PRESIDENT Robert Mugabe has begun to mobilise Zanu PF structures and supporters as he pushes for early elections while his faltering health still permits despite strong reservations by senior members of his party, informed sources said this week.After flying a kite to test the political waters, Mugabe is said to have decided this is the right moment to go for elections and is now fixated on the polls. The sources said Mugabe has started mobilising his party — with the help of the security establishment — to get ready for yet another gruelling electoral battle with the MDC-T and its leader Morgan Tsvangirai.
The top brass of the army, police and intelligence structures are said to be behind Mugabe and Zanu PF again despite their constitutional obligations to remain neutral in executing their professional duties.
Sources said the same structures which retained Mugabe in office during the bloody 2008 presidential election run-off after his defeat by Tsvangirai in the first round of the poll have been reactivated and deployed on the ground to work with Zanu PF functionaries ahead of the draft constitution plebiscite and national elections.
“Those structures are back in action and are working with Zanu PF in a massive restructuring and mobilisation drive for elections,” a well-placed insider said.
Senior Zanu PF leaders told the Zimbabwe Independent this week that Mugabe was now convinced that he should lead his party to early elections because this was an opportune moment to dislodge Tsvangirai and the MDC-T and recover lost ground.
“The president is now clear on this issue.
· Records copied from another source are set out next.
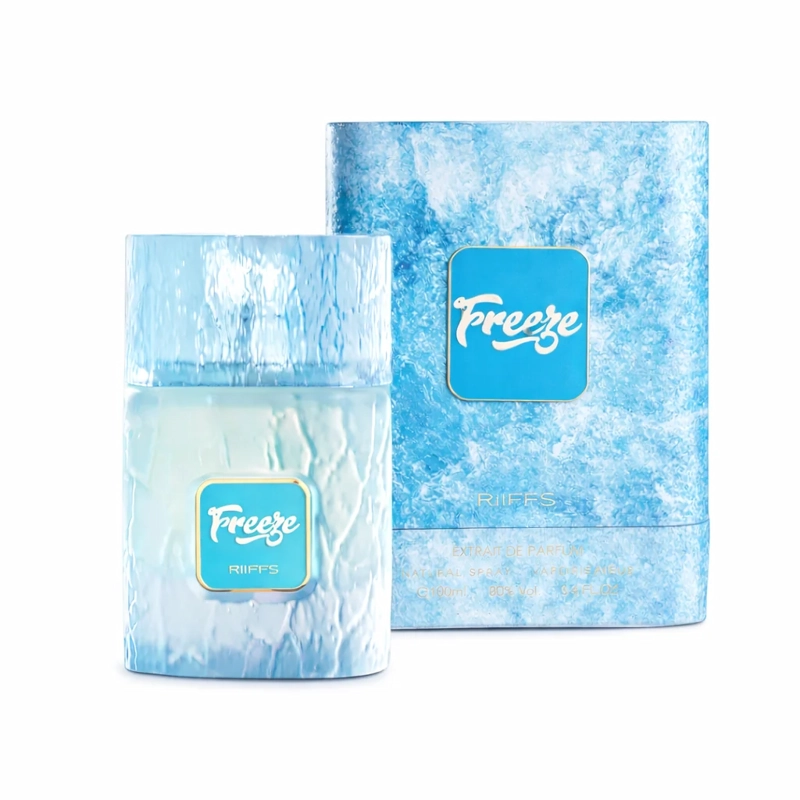 PERFUME FREEZE EDP 100 ML HOMBRE - 1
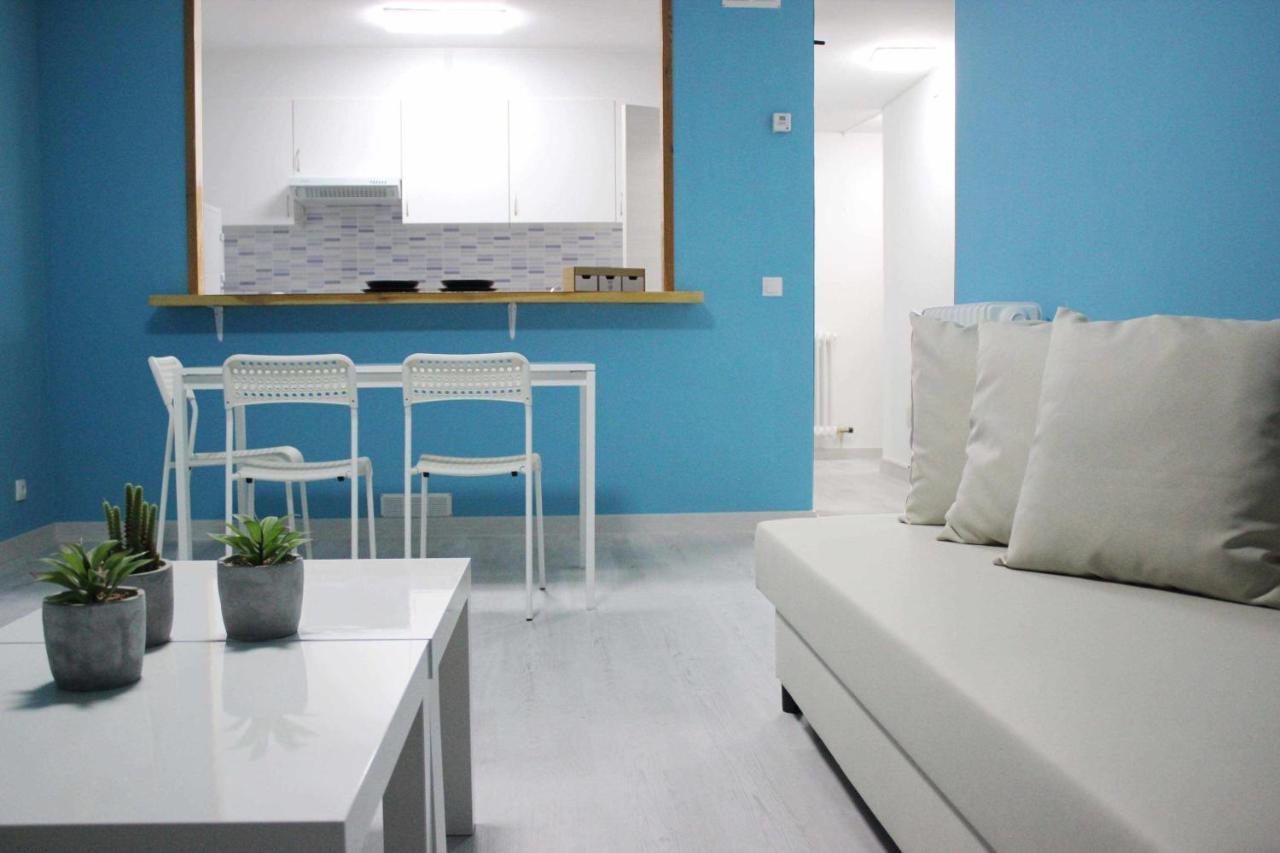 Апартаменты El Piso Mas Centrico Del Humedo Desayuno Incluido Леон Экстерьер фото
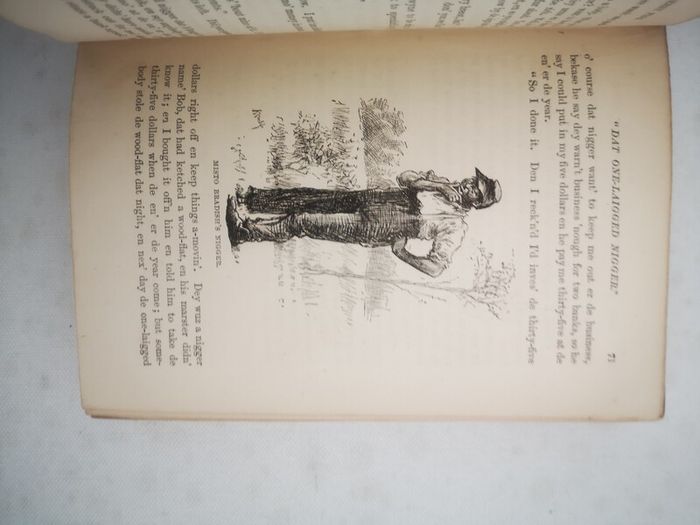 1888 Huckleberry Finn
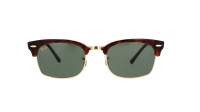 Ray-Ban Clubmaster Square Écaille G-15 RB3916 1304/31 52-21 Medium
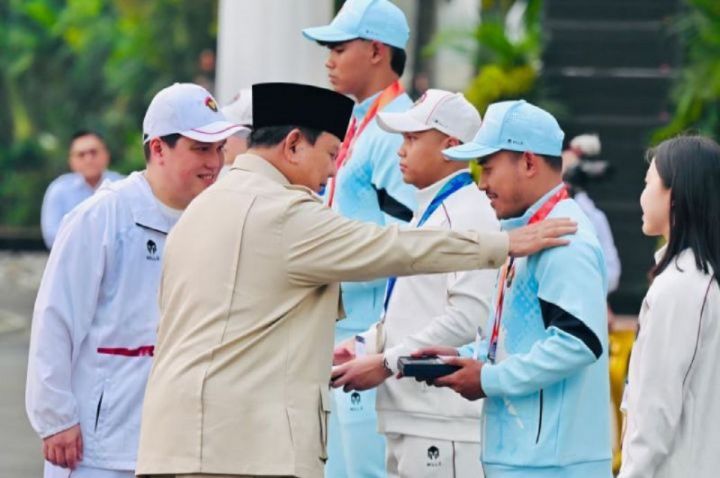 普拉博沃承诺加强青少年体育人才培养 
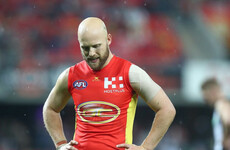 Australia's most decorated player drops out of International Rules series for personal reasons
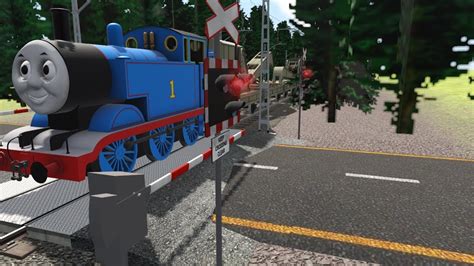 Trainz Railfanning Pt 227 Thomas And Friends Meet British Rail Ews Freightliner And Gwr Youtube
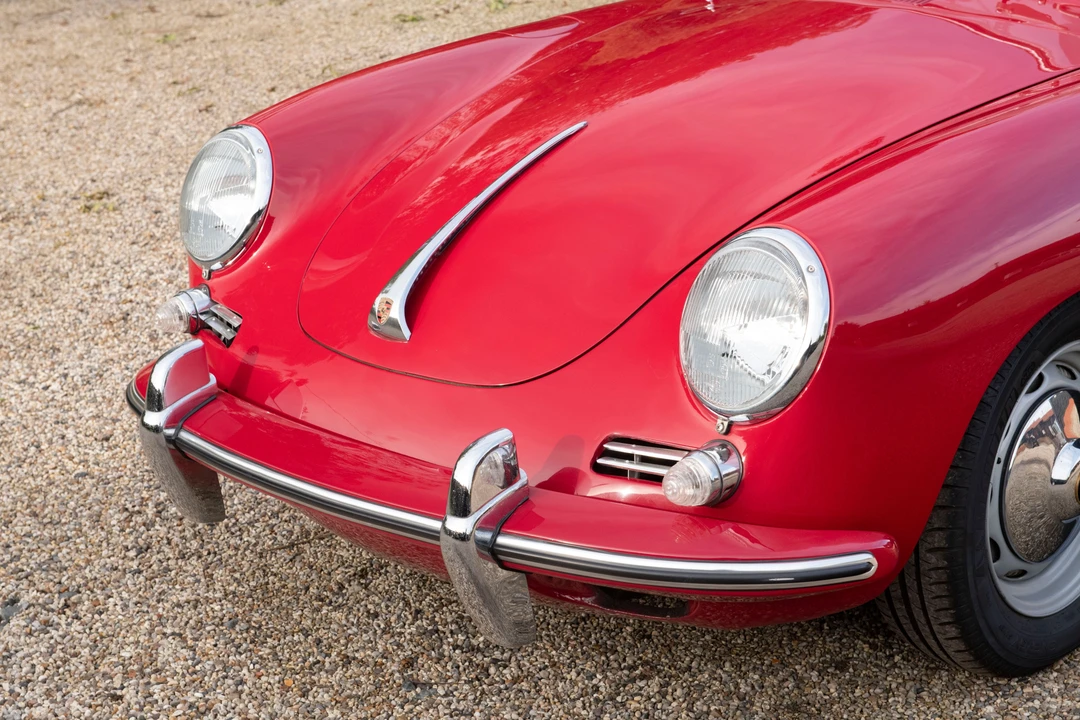 1962 Porsche 356 B - Image 11 of 23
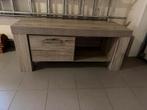 Tv meubel, Ophalen, Gebruikt, 100 tot 150 cm, Minder dan 100 cm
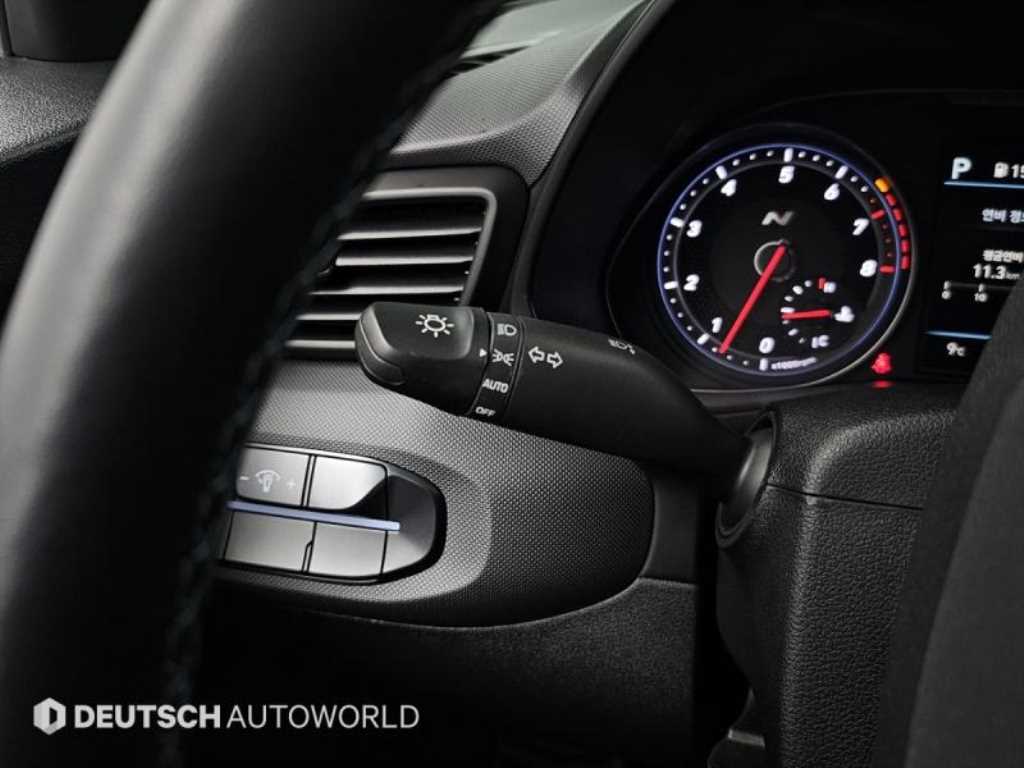 HYUNDAI Veloster 2023 Azul - Importación desde Corea - HF Imports Iquique - Foto 16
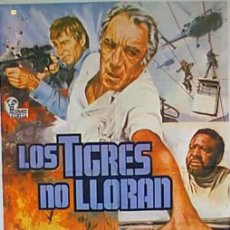 Cine: LOS TIGRES NO LLORAN - LARGOMETRAJE SUPER 8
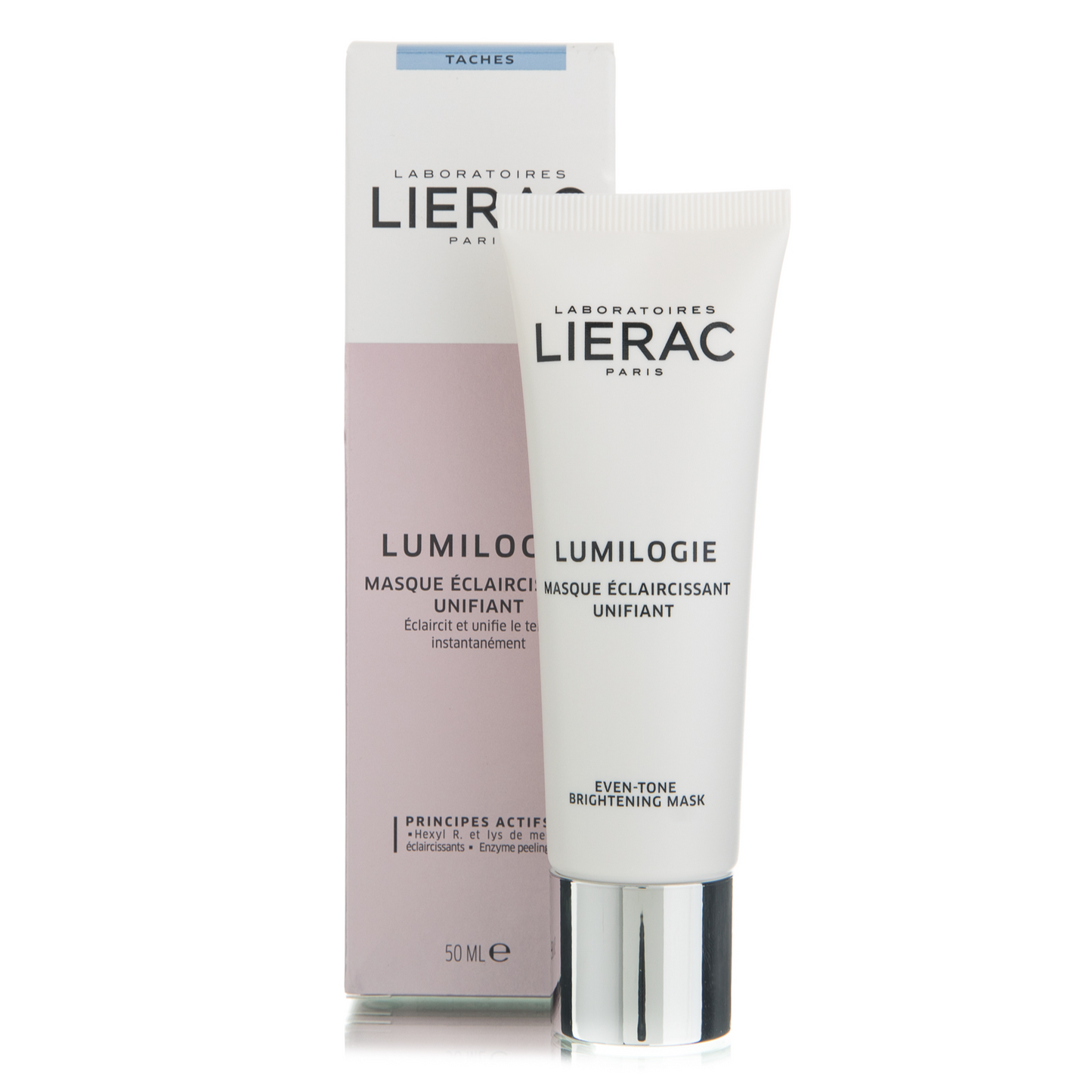 LIERAC Lumilogie Even-Tone Brightening Mask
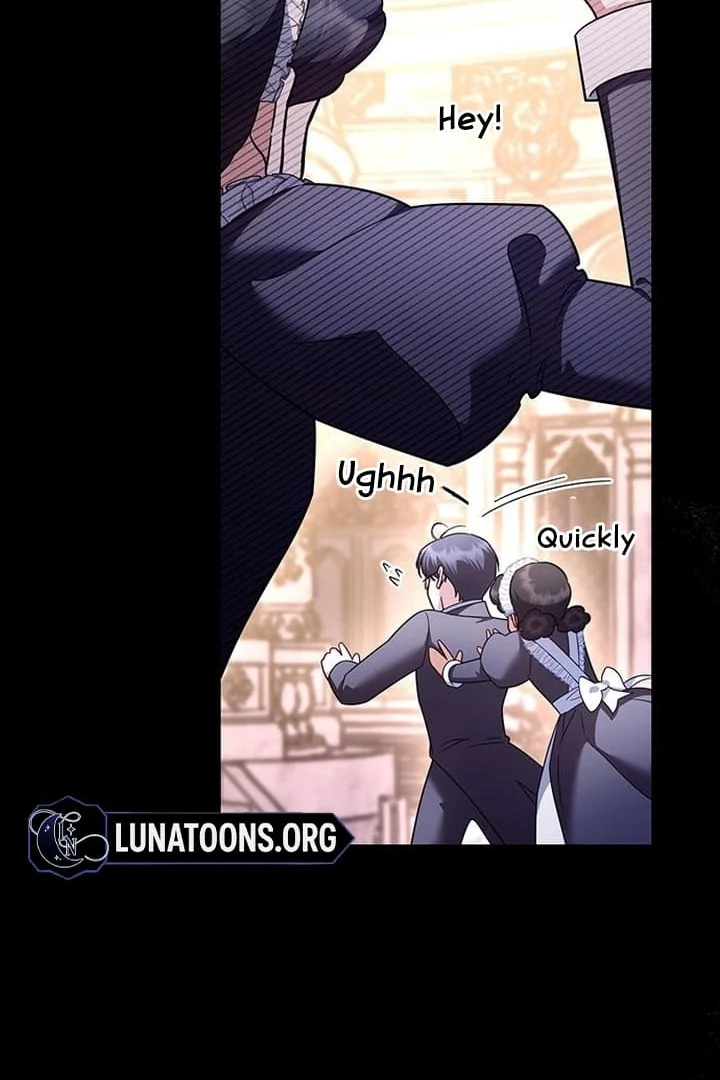 The Tutor’s Secret Sessions Chapter 38 - Page 16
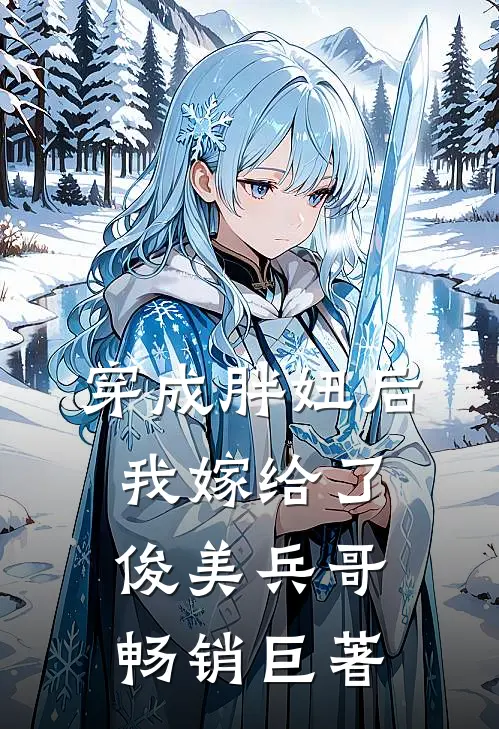 穿成胖妞后我嫁给了俊美兵哥畅销巨著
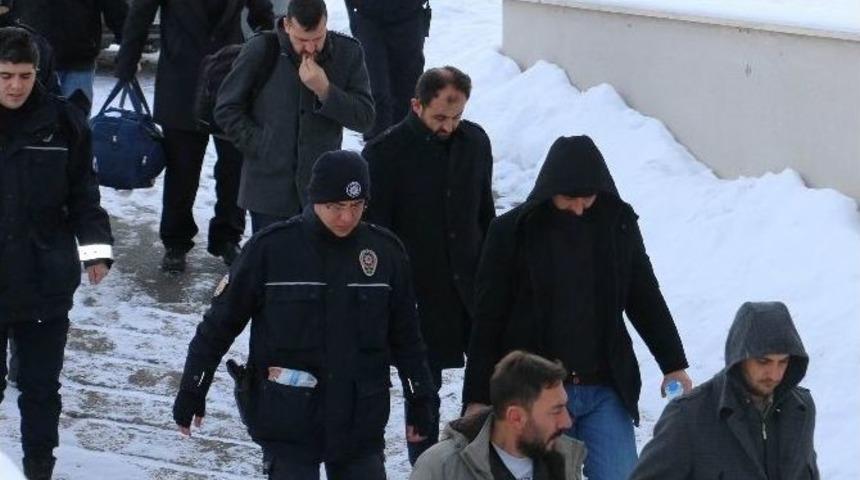 Sivas&rsquo;ta Fet&ouml;&rsquo;den 11 Polis Tutuklandı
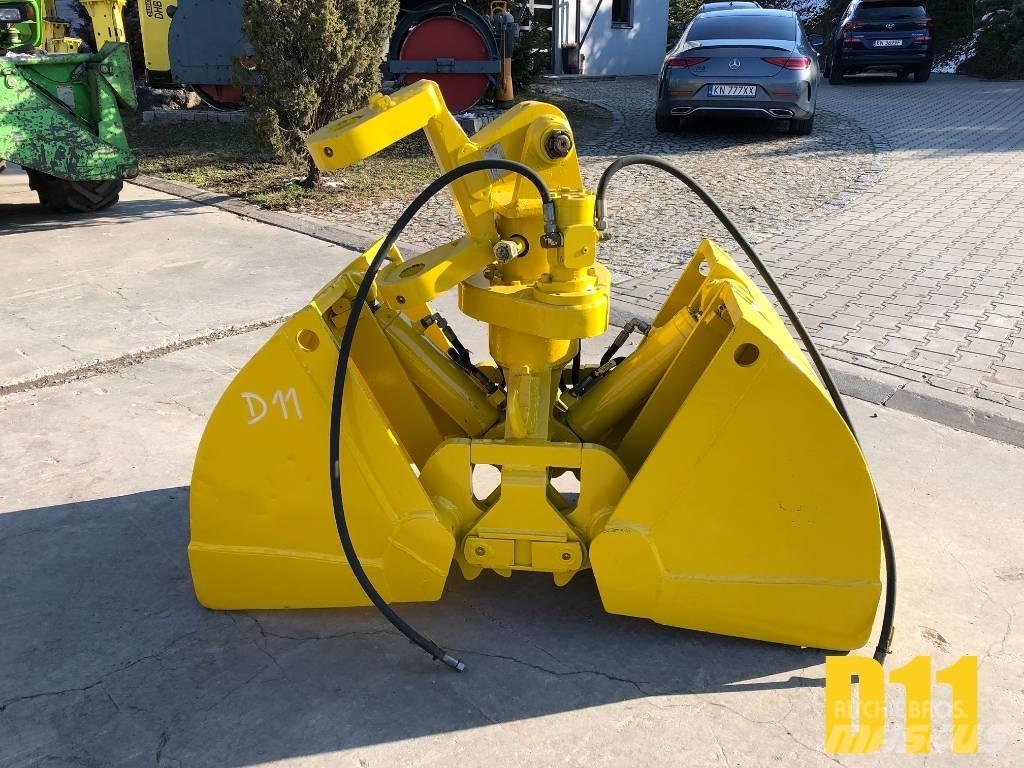 D11 CHWYTAK LIEBHERR Drapáky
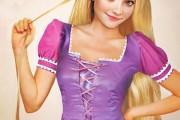 Real Life Disney - Rapunzel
He wants early elections by mid next year. He wants elections when he is still fit and when his rival (Tsvangirai) is limping,” a senior Zanu PF politburo member said.
“This means that as a party we must start preparing now and that’s what he was talking about last week. We are now going out in full force to start mobilising party structures and our supporters for elections.”
Mugabe last week told the Zanu PF National Youth Assembly that elections would be coming by mid next year. He said the inclusive government should end by February or soon after the referendum on the new constitution to pave way for elections.
“The constitution-making process has to be accelerated because the life of this creature (inclusive government) is only two years,” said Mugabe.
“It started in February last year and in February next year, it must end. It would have lived its full life and it will not be extended by more than six months or a year. After a referendum then we have elections by mid next year. I don’t see any reason why we shouldn’t have elections next year.”
Another politburo member confirmed Mugabe has started mobilising the party’s “principal organs and structures”.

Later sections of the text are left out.